Maybe next time I try to explain something different from their current belief I should get them to read about Cognitive Dissonance first.
[quote]
Cognitive Dissonance
Psychologists know that when people are confronted by information that goes against their pre-existing ideas, the result is cognitive dissonance, a sort of “static” in the thinking process. It doesn’t matter how smart a person is … cognitive dissonance occurs in highly intelligent people !!
When someone receives information that is opposite to what they think, cognitive dissonance can discredit that information, so that the person won’t seriously consider it. In fact, if a new idea drastically opposes one’s previously held ideas, the threatening info won’t enter their consciousness at all !!! The idea becomes simply ‘unthinkable’ that it could possibly be true, even with things that are totally obvious to an outside “impartial” observer.
Cognitive dissonance is a primitive, yet amazingly powerful self-preservation mechanism which can completely override the natural human desire for truth !!! It’s also the main reason that it’s so hard for some to re-think new ideas about how horsepower can be achieved.

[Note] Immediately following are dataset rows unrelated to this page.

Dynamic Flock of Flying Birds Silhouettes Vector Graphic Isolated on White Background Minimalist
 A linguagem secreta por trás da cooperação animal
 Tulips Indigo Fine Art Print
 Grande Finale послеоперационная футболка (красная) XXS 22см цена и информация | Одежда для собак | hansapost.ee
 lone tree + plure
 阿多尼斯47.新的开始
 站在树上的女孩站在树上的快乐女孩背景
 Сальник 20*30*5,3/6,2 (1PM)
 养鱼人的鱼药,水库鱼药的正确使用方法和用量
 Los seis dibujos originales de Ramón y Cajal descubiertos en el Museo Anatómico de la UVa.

Here’s a real world example:
Many years ago an engine builder bought an engine from one of my customers at the end of the race season to find out why it was so fast. There it was: high velocity (smaller than stock) ports and there was no way I could hide the secret from my competition any longer.
Needless to say, I wasn’t too happy about it.
To my surprise… after seeing the inside secret to my customers success, seeing the race wins and seeing high speed of the bike, the engine builder refused to see that smaller ports worked, and refused to even try it. That’s the incredible power of cognitive dissonance
!! [/quote]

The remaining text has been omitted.